I only dabble in Linux and Pi so I have come to the experts for guidance.

Let me start by saying that this works:

#!/bin/bash
say() { local IFS=+;/usr/bin/mplayer -ao alsa -really-quiet -noconsolecontrols "http://translate.google.com/translate_tts?tl=en&q=$*"; }
# say() { local IFS=+;/usr/bin/mplayer -ao alsa -really-quiet -noconsolecontrols "http://translate.google.co.uk/translate_tts?tl=en&q=$*"; }

say $*

This bash script is executed like such: sudo ./speech.sh Bob's your uncle

The Pi happily goes out to Google and plays, via mplayer, the TTS. This let's me know who my uncle is.

My trouble happens in Python.

My ultimate goal is to have a small python 3 script start at start-up and every so often say some random statement. This will be mounted inside of a ceramic skull for the delight of ghosts and ghouls in the neighborhood.

Here is my python. Hopefully someone can tell me what I am doing wrong?

import urllib, os, random, urllib.request, urllib.parse, shutil, subprocess

def getGoogleSpeechURL(phrase):
    print (phrase)
    googleURL = "http://translate.google.com/translate_tts?tl=en&"
    parameters = {'q': phrase}
    data = urllib.parse.urlencode(parameters)
    googleURL = "%s%s" % (googleURL, data)
    return googleURL

def random_line(afileName):
    with open(afileName, "r") as afile:
        line = next(afile)
        for num, aline in enumerate(afile):
            if random.randrange(num + 2): continue
            line = aline
        return line

def speakSpeechFromText(phrase):
    print (phrase)
    googleSpeechURL = getGoogleSpeechURL(phrase)
    commandString = '/usr/bin/mplayer -ao alsa -really-quiet -noconsolecontrols ' + googleSpeechURL
    print (commandString)
    os.system(commandString)


filePath = "/home/pi/TalkingSkullPhrases.txt"

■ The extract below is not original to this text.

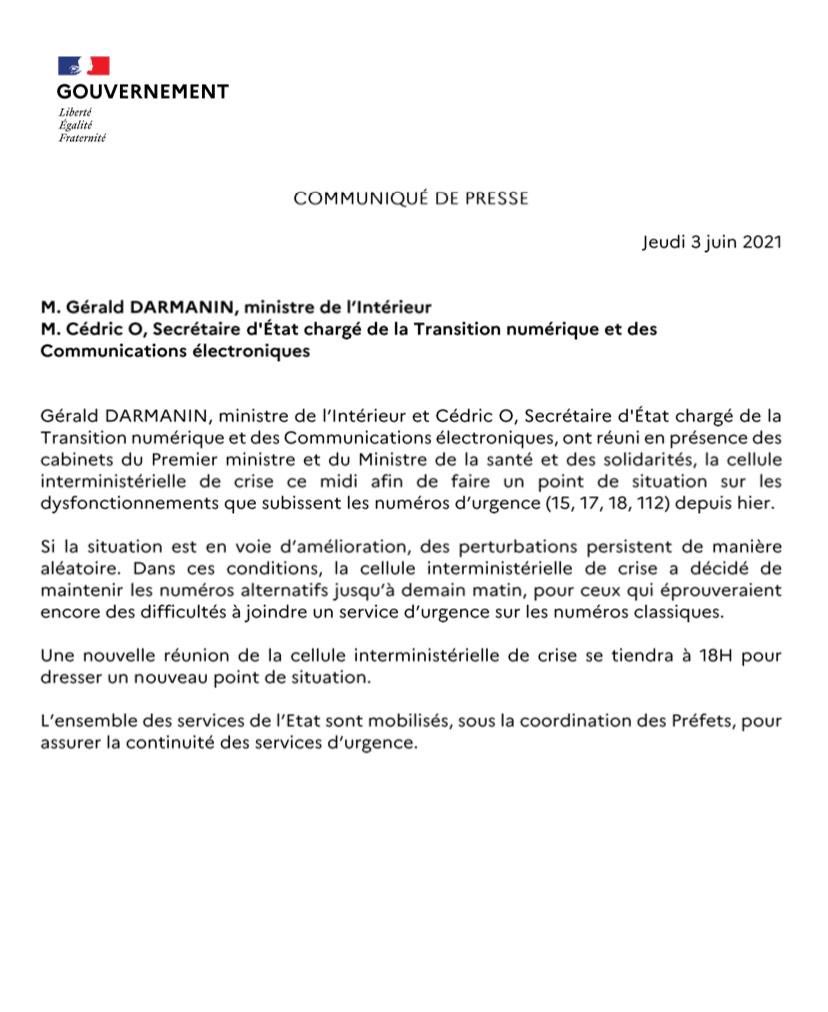 GDarmanin's tweet photo. Si la situation est en voie d’amélioration, des perturbations persistent de manière aléatoire. Nous avons décidé de maintenir les numéros alternatifs jusqu’à demain matin, pour ceux qui ont encore des difficultés à joindre un service d’#urgence sur les numéros classiques. 👇 https://t.co/uwRRrlleJ7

speakSpeechFromText (random_line(filePath))

I have tried os.system, subprocess, Popen... and nothing has worked. The system call just prints the command string and then exits out (is the code ending before mplayer? If so how do you get it to wait?). The subprocess and Popen both complain that it can't find mplayer (I've tried fully qualified paths there and no luck).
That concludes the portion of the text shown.